After listening to the historic speech made by Kim Jong Un with great excitement, the participants in the meeting extended highest glory and deepest thanks to Kim Jong Un, who is ushering in the greatest heyday of increasing the military capability with his extraordinary wisdom and stratagem, matchless grit and pluck and noble virtues and evinced their firm determination to unconditionally and thoroughly implement the militant tasks set forth by him in his speech.

The enlarged meeting of the WPK Central Military Commission held at an important time when a turning phase is being opened in building a thriving socialist nation and achieving the cause of national reunification will mark an important occasion in powerfully encouraging the army and people of the DPRK all out in the general advance of the new year full of conviction of certain victory and optimism and bolstering up the defence capability of the country in every way.


Adam Cathcart

Not to contradict the data marshaled here, but Kim Jong Un did give a major non-military speech on January 29 for which the full text is available - This extensive speech contained not a single reference to the Army, but a couple of satellite references, and was almost purely focused on Workers' Party, for what it's worth. There was even some discussion about rehabilitating children of political offenders, which in DPRK context might even be interpreted as a (tactical and easily reversible) move toward liberalization. I'd be interested in learning more about how the missile test and the sanctions discussion cuts into or connects with the "no more belt-tightening" rhetoric in Pyongyang. Sounds like they are already blaming the sanctions for economic difficulties, which might be considered another important narrative emerging out of all this recent sulphur.


Adam: Thanks for the comment. Of course, leaders will give speeches in lots of venues and target message accordingly.
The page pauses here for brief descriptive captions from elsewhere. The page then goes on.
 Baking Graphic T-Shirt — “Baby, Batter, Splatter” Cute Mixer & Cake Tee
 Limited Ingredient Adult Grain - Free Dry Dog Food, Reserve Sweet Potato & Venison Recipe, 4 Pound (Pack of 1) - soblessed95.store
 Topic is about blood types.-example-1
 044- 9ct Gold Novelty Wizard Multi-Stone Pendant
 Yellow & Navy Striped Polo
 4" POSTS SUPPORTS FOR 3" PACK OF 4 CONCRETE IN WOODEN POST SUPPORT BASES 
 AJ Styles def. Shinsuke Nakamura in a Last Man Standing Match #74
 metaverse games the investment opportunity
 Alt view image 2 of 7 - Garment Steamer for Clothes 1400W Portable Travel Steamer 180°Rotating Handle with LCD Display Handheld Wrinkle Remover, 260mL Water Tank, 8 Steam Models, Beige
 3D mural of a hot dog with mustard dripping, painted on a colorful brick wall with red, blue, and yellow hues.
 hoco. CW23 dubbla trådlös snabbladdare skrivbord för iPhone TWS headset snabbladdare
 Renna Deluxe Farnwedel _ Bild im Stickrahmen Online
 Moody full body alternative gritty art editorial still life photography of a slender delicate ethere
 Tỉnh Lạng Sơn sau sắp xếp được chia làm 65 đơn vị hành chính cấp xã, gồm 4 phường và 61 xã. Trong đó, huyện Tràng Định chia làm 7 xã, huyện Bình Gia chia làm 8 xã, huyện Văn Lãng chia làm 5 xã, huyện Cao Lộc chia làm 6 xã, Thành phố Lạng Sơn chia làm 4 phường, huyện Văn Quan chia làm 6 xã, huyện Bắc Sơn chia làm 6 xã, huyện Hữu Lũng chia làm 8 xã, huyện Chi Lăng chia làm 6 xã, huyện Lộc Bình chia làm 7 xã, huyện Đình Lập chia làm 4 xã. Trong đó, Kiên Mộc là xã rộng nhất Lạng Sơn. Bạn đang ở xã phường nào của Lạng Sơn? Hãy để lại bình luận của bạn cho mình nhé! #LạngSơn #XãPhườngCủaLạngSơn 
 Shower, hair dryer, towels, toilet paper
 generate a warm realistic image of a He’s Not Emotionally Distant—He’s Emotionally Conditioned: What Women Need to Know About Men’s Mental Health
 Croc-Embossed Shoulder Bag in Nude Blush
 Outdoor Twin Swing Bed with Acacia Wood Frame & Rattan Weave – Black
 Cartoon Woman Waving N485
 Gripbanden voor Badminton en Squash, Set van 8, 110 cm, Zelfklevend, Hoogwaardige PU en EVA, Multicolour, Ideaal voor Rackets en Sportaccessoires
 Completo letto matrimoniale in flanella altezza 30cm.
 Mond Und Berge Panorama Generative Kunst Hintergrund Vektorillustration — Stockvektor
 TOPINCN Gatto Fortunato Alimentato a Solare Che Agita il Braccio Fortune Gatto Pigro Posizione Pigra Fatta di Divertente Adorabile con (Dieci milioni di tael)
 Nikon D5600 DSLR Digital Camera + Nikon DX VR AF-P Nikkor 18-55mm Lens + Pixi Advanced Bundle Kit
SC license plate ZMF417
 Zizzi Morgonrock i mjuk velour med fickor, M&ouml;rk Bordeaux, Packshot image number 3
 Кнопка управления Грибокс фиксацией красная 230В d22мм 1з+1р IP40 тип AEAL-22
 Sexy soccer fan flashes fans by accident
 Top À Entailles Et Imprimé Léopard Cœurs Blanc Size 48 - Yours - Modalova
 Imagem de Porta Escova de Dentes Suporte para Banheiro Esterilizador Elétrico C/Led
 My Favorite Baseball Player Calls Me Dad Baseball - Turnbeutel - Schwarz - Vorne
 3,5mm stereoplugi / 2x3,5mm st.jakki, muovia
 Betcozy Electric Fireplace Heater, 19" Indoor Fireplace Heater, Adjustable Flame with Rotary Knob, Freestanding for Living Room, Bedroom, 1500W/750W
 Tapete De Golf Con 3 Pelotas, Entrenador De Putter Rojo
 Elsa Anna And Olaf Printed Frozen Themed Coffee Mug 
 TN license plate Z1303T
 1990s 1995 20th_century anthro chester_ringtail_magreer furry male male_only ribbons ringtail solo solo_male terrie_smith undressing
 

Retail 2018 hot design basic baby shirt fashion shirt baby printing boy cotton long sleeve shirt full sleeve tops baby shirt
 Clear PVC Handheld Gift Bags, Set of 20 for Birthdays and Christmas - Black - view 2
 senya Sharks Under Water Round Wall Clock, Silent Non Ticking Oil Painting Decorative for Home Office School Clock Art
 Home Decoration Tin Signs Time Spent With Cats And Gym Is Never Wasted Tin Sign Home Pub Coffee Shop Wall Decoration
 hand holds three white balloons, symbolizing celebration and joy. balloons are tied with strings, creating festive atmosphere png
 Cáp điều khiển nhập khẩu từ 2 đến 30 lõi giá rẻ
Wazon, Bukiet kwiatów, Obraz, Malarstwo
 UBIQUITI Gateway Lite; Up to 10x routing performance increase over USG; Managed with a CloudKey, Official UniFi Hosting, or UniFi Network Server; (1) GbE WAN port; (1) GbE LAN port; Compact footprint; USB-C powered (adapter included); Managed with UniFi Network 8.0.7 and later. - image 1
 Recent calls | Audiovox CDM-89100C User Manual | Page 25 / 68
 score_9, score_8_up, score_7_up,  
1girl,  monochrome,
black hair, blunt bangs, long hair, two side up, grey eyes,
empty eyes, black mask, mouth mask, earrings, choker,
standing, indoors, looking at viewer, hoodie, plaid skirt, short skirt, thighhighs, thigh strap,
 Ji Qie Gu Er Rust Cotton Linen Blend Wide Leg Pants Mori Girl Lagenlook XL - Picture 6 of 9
But what struck us about these recent reports was the quasi-official nature of the bodies in question: an NSC-like "consultative" security group and an "enlarged" CMC meeting. These may prove ephemeral but that is part of the point: the leadership is not bound by formal decision-making structures as in China but is putting together ad hoc bodies of favored groups around an increasingly militarized foreign and domestic policy agenda.